Last year I tracked the Bradley-Terry ratings for college football and basketball, plus a modified system I created to try to include margin of victory. The two biggest complaints (from others and myself) were:
- Unbeaten teams were predicted to have unrealistically high probabilities of beating anyone who was not unbeaten.
- Home field isn't accounted for.
The first issue is now handled by increasing the weight of the fictional game that is added to guard against zero and infinite ratings; given equivalent strength of schedule, an N-0 team is now a 5:3 favorite over an N-1 team instead of a 3:1 favorite.
As for how to deal with home field: I'm not a fan of the NCAA's RPI adjustment (where a road win or home loss counts as more than 1 win or loss for determining win percentage and road losses or home wins count as less than 1); it makes guaranteeing convergence of the ratings complicated and it just doesn't seem right intuitively. Better, I think, is to adjust the strength of schedule to account for the added difficulty of road games or reduced difficulty of home games. To that end, when calculating strength of schedule, a team's opponent's rating is multiplied by a factor H (the home-field advantage parameter) if the game was a road game or divided by H if it was a home game. All that remains now is to decide what the value of H should be.

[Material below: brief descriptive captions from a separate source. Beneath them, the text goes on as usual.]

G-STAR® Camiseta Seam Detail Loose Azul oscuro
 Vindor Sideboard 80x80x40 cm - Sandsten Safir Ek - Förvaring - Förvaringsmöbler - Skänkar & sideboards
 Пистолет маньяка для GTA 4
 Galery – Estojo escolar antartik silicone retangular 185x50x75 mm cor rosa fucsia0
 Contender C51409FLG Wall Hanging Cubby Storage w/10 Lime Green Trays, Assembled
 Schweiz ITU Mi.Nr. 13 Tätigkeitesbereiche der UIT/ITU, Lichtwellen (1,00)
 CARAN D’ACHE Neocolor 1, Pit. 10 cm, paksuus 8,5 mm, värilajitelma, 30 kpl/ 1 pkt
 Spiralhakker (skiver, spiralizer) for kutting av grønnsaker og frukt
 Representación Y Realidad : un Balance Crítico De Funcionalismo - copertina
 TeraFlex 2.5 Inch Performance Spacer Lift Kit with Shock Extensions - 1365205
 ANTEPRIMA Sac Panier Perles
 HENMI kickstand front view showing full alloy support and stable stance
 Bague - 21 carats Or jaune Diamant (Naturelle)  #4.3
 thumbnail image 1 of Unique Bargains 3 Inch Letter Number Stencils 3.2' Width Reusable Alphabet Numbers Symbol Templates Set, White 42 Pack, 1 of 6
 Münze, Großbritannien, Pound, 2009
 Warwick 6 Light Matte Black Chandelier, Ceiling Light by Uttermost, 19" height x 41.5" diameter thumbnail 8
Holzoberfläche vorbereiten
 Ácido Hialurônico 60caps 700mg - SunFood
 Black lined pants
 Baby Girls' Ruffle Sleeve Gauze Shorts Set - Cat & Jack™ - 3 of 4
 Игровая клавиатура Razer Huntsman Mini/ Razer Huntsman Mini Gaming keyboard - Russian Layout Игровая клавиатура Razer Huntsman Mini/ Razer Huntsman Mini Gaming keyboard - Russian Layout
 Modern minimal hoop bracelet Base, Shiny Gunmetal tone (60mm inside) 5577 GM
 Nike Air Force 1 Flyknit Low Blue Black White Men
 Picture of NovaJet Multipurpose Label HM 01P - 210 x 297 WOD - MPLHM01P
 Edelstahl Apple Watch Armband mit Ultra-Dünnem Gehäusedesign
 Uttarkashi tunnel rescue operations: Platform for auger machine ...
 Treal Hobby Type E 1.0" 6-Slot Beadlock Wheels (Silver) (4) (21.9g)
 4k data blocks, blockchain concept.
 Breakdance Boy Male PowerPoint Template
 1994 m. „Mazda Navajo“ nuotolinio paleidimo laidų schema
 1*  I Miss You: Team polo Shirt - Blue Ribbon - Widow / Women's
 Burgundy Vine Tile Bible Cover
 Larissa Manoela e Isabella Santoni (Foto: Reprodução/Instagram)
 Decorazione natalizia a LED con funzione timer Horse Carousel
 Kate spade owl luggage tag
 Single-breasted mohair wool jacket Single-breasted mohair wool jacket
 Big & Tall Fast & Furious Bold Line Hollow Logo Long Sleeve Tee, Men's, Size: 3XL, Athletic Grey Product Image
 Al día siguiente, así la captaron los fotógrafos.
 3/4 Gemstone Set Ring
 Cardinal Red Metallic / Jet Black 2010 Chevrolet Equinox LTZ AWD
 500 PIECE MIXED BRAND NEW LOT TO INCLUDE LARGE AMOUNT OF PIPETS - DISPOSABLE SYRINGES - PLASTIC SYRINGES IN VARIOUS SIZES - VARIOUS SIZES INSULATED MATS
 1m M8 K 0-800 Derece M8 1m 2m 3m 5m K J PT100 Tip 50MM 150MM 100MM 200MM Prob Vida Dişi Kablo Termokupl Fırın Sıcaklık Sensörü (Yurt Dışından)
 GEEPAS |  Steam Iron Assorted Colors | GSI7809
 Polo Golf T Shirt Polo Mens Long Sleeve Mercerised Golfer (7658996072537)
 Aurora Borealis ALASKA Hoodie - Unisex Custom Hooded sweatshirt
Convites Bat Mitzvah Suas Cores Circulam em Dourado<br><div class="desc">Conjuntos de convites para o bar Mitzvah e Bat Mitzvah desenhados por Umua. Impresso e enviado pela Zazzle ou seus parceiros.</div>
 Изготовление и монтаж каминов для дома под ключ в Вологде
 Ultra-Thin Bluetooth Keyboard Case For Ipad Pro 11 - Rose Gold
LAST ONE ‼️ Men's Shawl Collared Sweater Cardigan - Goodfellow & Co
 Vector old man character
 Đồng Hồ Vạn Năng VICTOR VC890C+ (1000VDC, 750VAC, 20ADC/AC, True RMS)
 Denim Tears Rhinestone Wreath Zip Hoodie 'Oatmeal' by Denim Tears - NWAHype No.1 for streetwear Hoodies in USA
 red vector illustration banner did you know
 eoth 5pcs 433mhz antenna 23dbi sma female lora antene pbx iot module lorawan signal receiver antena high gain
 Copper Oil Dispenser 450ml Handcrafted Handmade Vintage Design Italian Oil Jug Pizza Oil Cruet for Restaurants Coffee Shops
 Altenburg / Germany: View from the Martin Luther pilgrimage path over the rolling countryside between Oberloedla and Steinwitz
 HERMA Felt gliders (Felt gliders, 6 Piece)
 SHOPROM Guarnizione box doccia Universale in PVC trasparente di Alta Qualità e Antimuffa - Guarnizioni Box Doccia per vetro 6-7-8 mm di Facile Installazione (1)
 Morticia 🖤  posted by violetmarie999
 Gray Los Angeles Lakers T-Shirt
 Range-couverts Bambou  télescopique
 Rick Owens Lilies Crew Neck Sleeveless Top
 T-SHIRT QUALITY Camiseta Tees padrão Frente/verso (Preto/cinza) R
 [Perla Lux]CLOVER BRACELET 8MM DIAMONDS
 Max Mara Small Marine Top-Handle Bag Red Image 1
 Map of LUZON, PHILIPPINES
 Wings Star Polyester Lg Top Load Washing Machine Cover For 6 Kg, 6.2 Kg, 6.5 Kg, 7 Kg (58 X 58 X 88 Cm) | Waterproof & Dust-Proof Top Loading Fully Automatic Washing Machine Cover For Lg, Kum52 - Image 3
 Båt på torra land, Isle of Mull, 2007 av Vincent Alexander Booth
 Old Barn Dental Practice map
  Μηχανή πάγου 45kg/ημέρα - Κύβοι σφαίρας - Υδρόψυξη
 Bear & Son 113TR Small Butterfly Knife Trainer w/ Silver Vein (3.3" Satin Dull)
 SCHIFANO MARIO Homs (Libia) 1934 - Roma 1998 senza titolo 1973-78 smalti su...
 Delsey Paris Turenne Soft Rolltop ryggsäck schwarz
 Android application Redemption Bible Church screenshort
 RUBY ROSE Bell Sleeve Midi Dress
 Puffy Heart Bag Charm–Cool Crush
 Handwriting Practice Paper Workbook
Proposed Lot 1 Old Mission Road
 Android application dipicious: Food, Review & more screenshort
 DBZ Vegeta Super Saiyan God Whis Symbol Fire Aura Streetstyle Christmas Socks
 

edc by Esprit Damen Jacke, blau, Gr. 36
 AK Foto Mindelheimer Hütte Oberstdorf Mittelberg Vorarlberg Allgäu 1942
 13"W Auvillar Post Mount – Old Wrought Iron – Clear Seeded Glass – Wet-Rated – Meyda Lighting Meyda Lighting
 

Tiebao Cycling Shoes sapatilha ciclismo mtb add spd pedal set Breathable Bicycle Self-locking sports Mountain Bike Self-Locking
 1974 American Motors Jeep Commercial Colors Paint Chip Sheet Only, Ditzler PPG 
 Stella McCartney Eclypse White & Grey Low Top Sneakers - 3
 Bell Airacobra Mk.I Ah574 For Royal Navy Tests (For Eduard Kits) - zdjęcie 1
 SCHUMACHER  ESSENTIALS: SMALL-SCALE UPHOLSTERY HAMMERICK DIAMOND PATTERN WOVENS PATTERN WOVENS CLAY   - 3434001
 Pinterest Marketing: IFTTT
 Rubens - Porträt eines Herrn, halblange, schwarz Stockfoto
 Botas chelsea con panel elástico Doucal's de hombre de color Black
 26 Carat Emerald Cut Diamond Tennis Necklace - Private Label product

The naive answer is to simply look at the record of home teams for the season and use the home team's win ratio. However, this doesn't account for the fact that power-conference teams play a lot of home games against weaker foes, artificially inflating the record of home teams. It seems the best check of the value of H is to calculate the ratings with different values of H and compare the expected wins by home teams to the actual wins. When these two are equal, we have the correct value. Using the 2010 football season data, home teams won 464 of 754 true home games (semi-home* games, such as us hosting FAU at Ford Field, and neutral-site games like the bowls are excluded). For different values of H, the expected home team win totals are:
- H = 1.0 (no advantage): 428.9
- H = 1.2 (if the teams are considered equal on a neutral field, the home team is a 54.5% favorite): 450.0
- H = 1.3 (56.5% favorite): 459.2
- H = 1.35 (57.4% favorite): 463.4
- H = 1.36 (57.6% favorite): 464.3
So for the no-margin version, to the nearest two decimal places the correct value of H is 1.36. What about the margin-aware ratings? We can apply the same logic, but to the "victory point" totals instead of pure wins (as a reminder, for football the victory points are assigned according to a logistic curve: a tie is 0.5, win by 7 is about 0.75, win by 14 is about 0.9, win by 21 is about 0.96, win by 35 is about 0.995). For 2010, the actual home victory point total is 458.4. Expected values:
- H = 1.0 (no advantage): 424.3
- H = 1.2 (59.5% favorite; the rating scale for margin-aware is compressed due to wins giving less than 1 victory point, thus the same multiplying factor has a larger impact on the probability): 447.8
- H = 1.3 (63.4% favorite): 458.1
- H = 1.31 (63.8% favorite): 459.0
To two decimal places, the right value is H = 1.30. This is equivalent to making the home team favored by an extra 3.41 points - which fits well with the common wisdom that home field is worth about a field goal. It's interesting to me that the home field adjustment, in terms of win probability, is so much larger for the margin-aware ratings; without taking a closer look at the data set I can't be sure why, but I suspect it's caused by road teams pulling off an unusually large number of close wins. Perhaps when there's enough data to judge by this year the home field factor will be closer together for the two systems.
Starting next week, I plan to track the conference race as I did last year with probabilities of winning the division and going to the Rose Bowl for each team.
*(Semi-home games are handled by giving an adjustment of sqrt(H) instead of H; the effect is exactly half as many points as a true home game for margin-aware. As a general rule, these games are substantially closer to one campus than the other and within easy single-day-trip distance of the closer school. LSU-Oregon in the JerryDome is sufficiently far from both campuses to qualify as neutral despite being obviously much closer to LSU; Boise State-Georgia in Atlanta or MSU-FAU in Detroit are semi-home. Teams that regularly play home games away from campus, such as Arkansas playing in Little Rock, still count those games as full home games.)